EXERCISE INPUT START
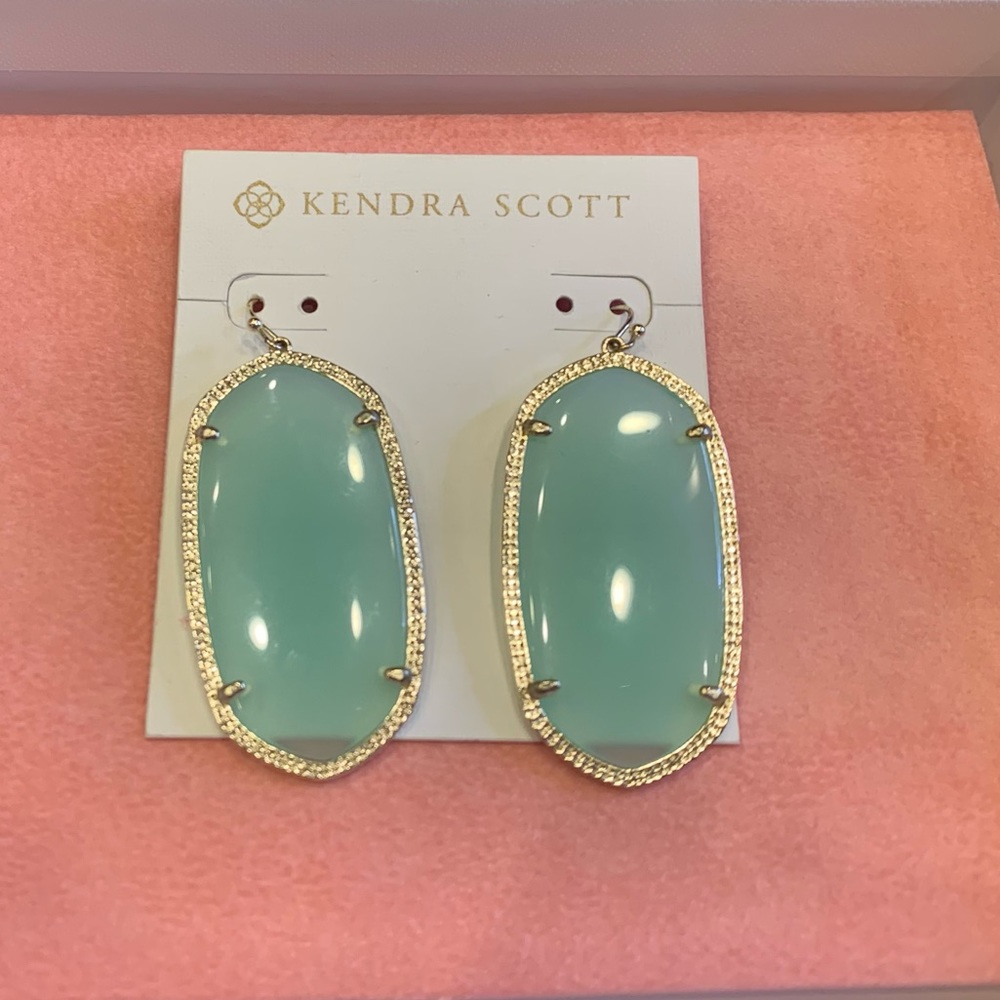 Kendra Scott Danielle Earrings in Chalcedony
EXERCISE INPUT END
EXERCISE INPUT START
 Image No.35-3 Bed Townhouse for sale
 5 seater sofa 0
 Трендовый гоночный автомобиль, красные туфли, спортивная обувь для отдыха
EXERCISE INPUT END
EXERCISE INPUT START
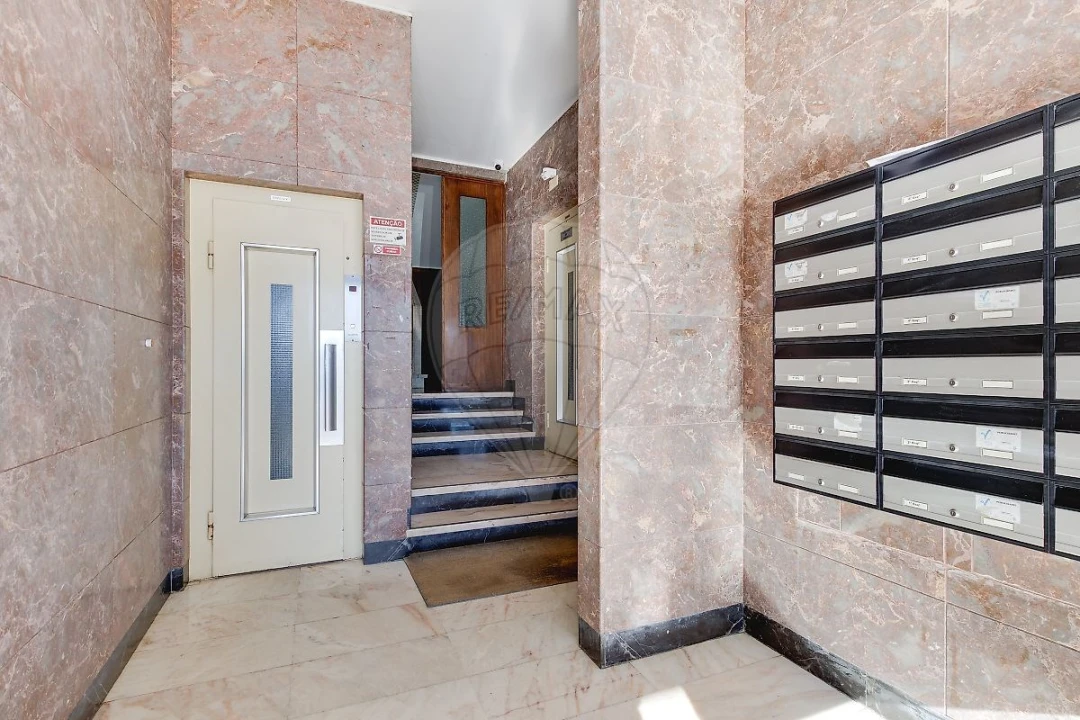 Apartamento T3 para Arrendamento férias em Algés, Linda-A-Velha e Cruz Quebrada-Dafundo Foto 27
EXERCISE INPUT END
→ **TASK**
Reproduce word for word the material above, beginning with the line that contains "Image No.35-3 Bed Townhouse for sale" and ending with the line that contains "Трендовый гоночный автомобиль, красные".

→ **PROBLEM SOLUTION**
 Image No.35-3 Bed Townhouse for sale
 5 seater sofa 0
 Трендовый гоночный автомобиль, красные туфли, спортивная обувь для отдыха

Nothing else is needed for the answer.